I have to vote for sugar for the same reasons as Tab. But I do like salt on my feet.

Digit


----------



## cdwinsby (Jul 14, 2008)

Yup!! Definately sugar.


----------



## Serenegoddess (Jul 25, 2008)

I'm gonna be the odd one out-I prefer salt :shock:


----------



## chlobue (Jul 25, 2008)

I use light brown sugar in my scrubs. YUUUUUUUUUUMMMMMMMMMMYYY.


----------



## Serenegoddess (Jul 25, 2008)

chlobue said:
			
		

> I use light brown sugar in my scrubs.
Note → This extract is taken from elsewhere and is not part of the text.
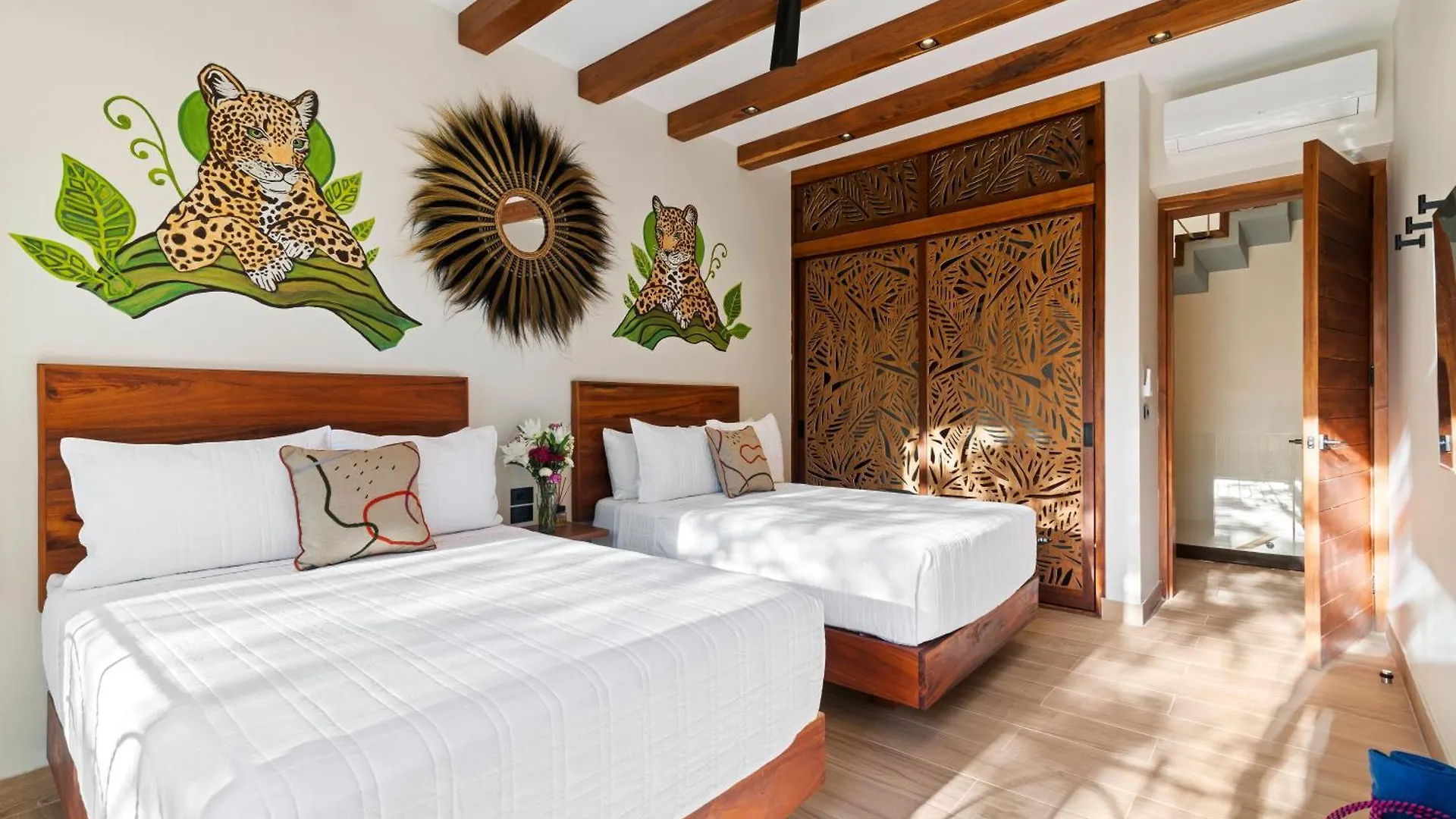 El Rey Loro - Lux 4 Bed Villa @Bluedeertulum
YUUUUUUUUUUMMMMMMMMMMYYY.



Ditto-the combination of light brown sugar and dark brown sugar with sweet orange essential oil is quite hard to beat-for me anyway.

 :wink:


----------



## pepperi27 (Jul 25, 2008)

I like brown sugar!


----------



## Healinya (Jul 31, 2008)

I agree, I like sugar better.


----------



## soap_lady (Jul 31, 2008)

I'm a sugar gal myself....


----------



## heart of dixie soap co (Aug 12, 2008)

*sugar scrubs*

brown sugar with sweetcakes brown sugar and spice. or pecan pie!   yummy!!!!!

monet


----------



## Black soap n candle lady (Aug 26, 2008)

Sugar, baby sugar!  :wink:


----------